PRACTICING
ANTHROPOLOGY WITHOUT A LICENSE
Sam Smith
A SPEECH DELIVERED
TO THE 100TH ANNIVERSARY CONFERENCE
OF THE BERKELEY SCHOOL OF ANTHROPOLOGY
Ever since I got the invitation
to speak to you all I have been bragging because to an anthropology
BA this is a bit like an ex-con being asked to address a conference
of the American Bar Association.
At a seminal moment in my career
planning - which is to say around sophomore year - the sainted
Cora Dubois wrote of my analysis of the Nagas, "This is
pretty good journalism but it is bad anthropology," revealing
a disorder which, as you may notice, plagues me yet.
Part of what had attracted me to
anthropology in the first place was a search for a society that
would find my personal traits and rituals acceptable enough for
membership. Like, I suspect, many real anthropologists, I was
a subculture of one looking for my lost tribe.

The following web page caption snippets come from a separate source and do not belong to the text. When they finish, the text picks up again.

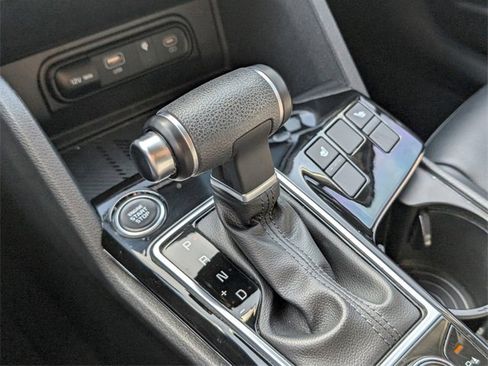 Used 2024 Kia Sportage EX image 22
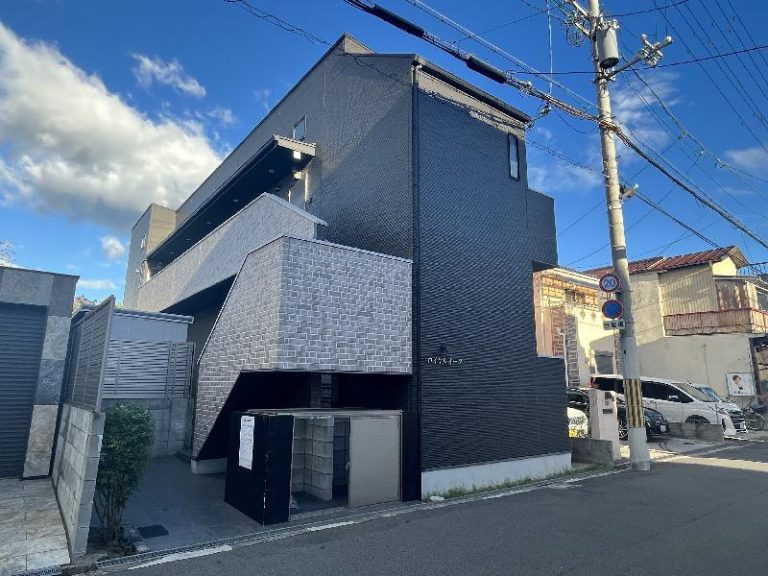 ロイヤルオーク湊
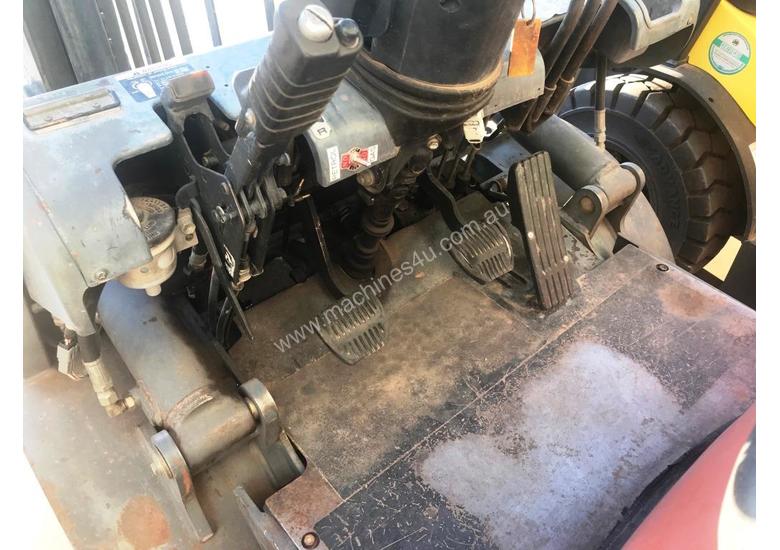 caption Toyota 42-6FG25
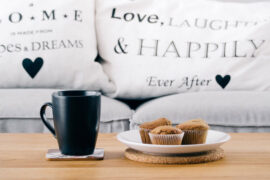 我身体里的火车从来不会错轨，所以允许大雪，风暴，泥石流，和荒谬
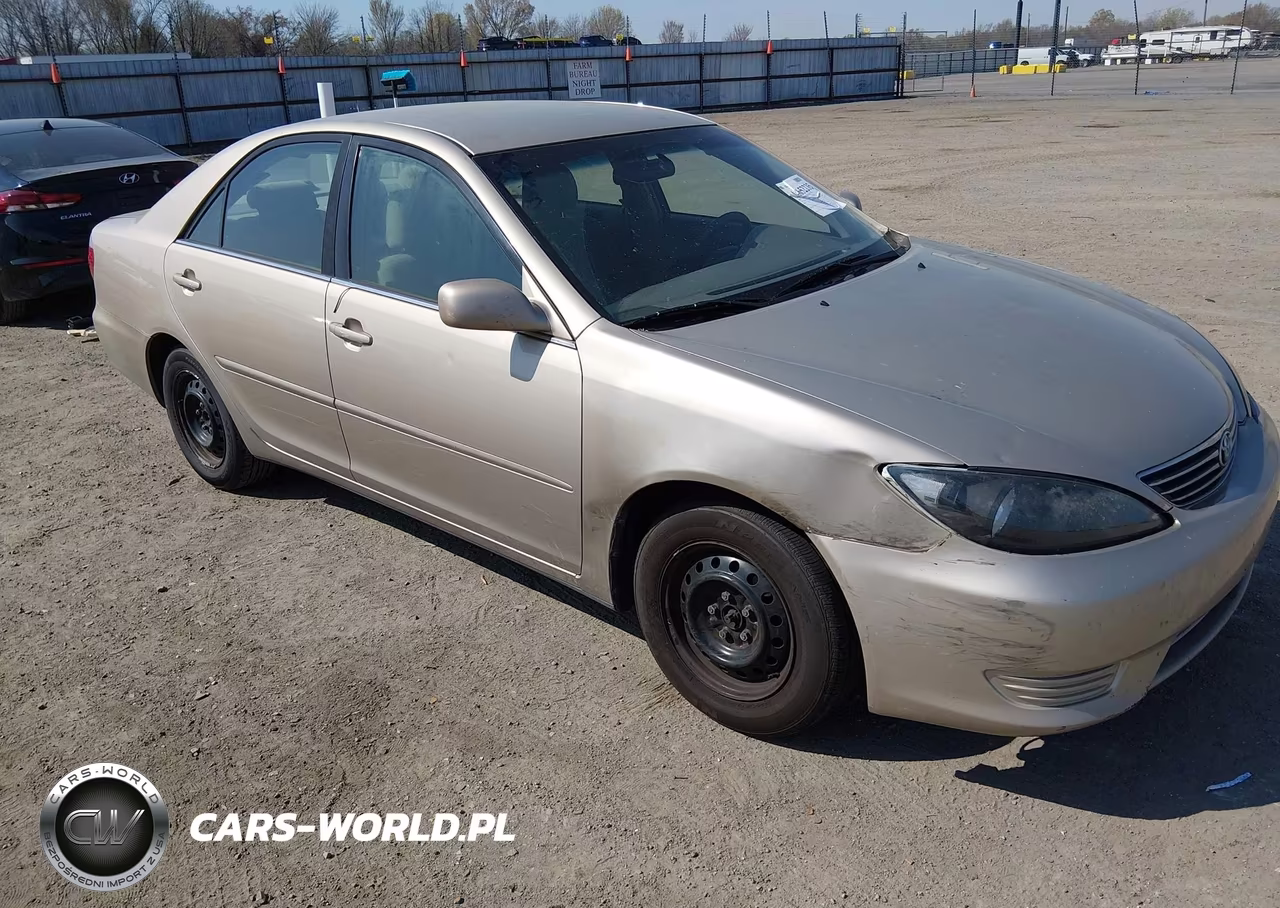 2005 Toyota Camry Le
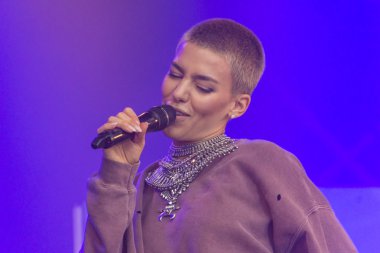 Kiel, Almanya - 24 Haziran 2016: Kieler Haftası 'nda Bando Frida Gold çalıyor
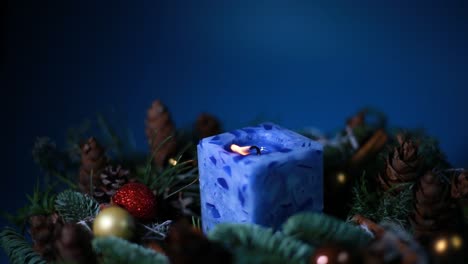 Eine-Brennende-Blaue-Kerze-Drehte-Sich-In-Einem-Weihnachtskranz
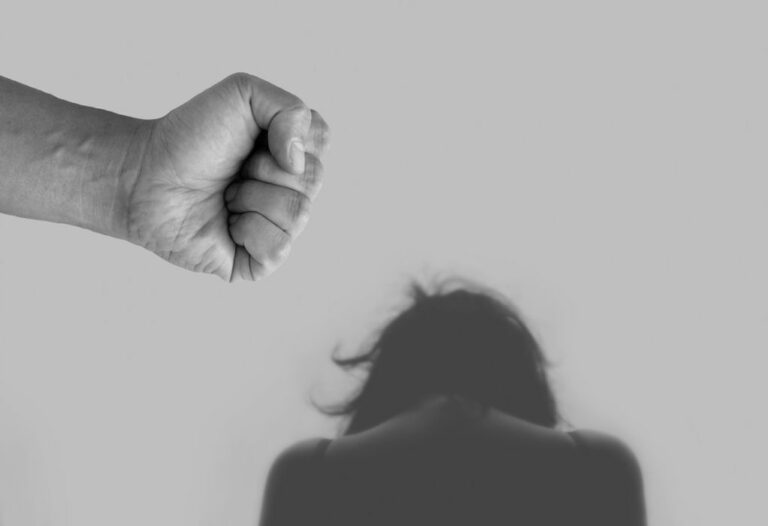 Ζάκυνθος: Στον εισαγγελέα μητέρα για την κακοποίηση των δύο παιδιών της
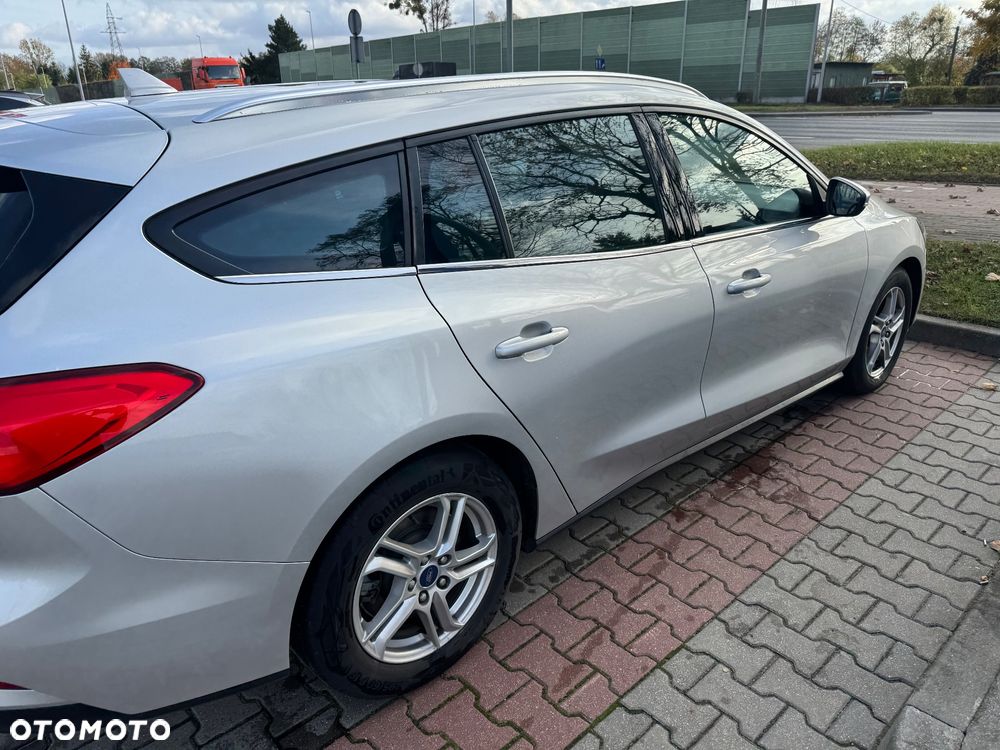 Ford Focus 1.5 TDCi DPF Start-Stopp-System COOL&CONNECT - 6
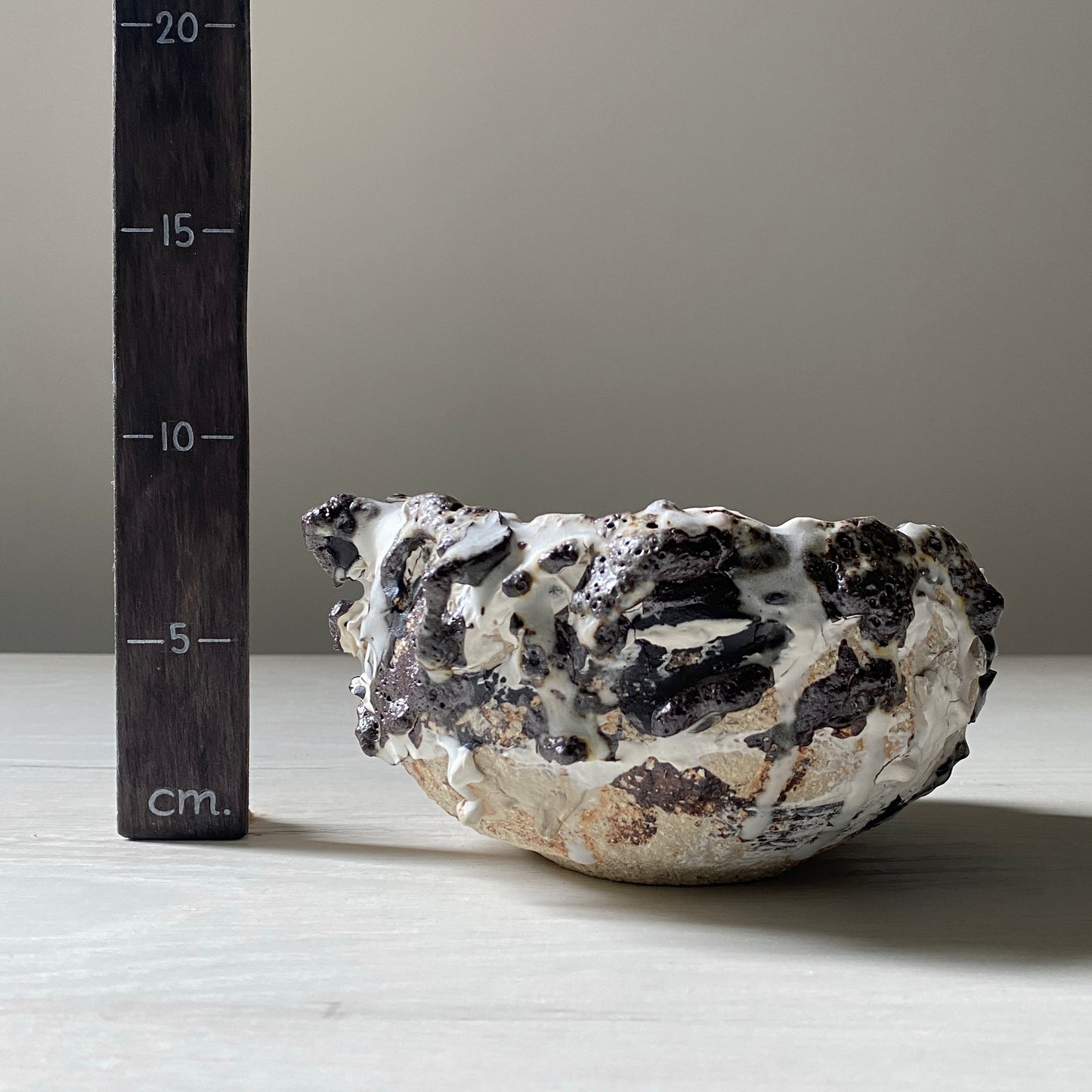 Vase (3) 2023 yr. “WILD Vases” collection. Serhiy Verbicki.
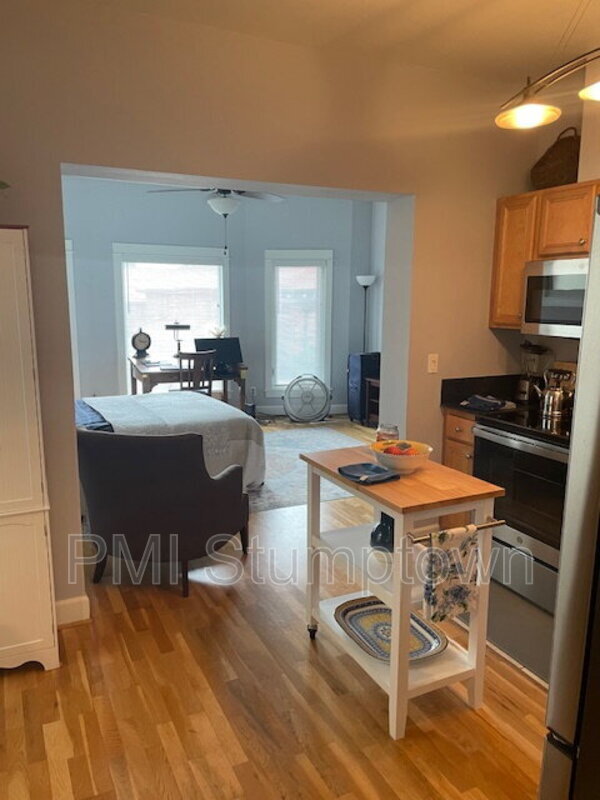Foto del edificio - 1714 NW Couch St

I began this search for the lost
tribe of Sams at an unusually early age thanks to the fact that
my school - Germantown Friends in Philadelphia -was one of only
two high schools in the country that offered a course in anthropology.
And in ninth grade.
At this precise moment of teenage
alienation and confusion, the school offered the reverse of a
Pandora's box, for when opened, anthropology freed not evil but
hope and possibility, leaving locked safely inside the myth of
the single, homogeneous cultural answer.
In the middle of the stolid, segregated,
monolithic 1950s, Howard Platt showed us a new way to look at
the world. And what a wonderful world it was. Not the stultifying
world of our parents, not the monochromatic world of our neighborhood,
not the boring world of 9th grade, but a world of fantastic options,
a world in which people got to cook, eat, shelter themselves,
have sex, dance and pray in an extraordinary variety of ways.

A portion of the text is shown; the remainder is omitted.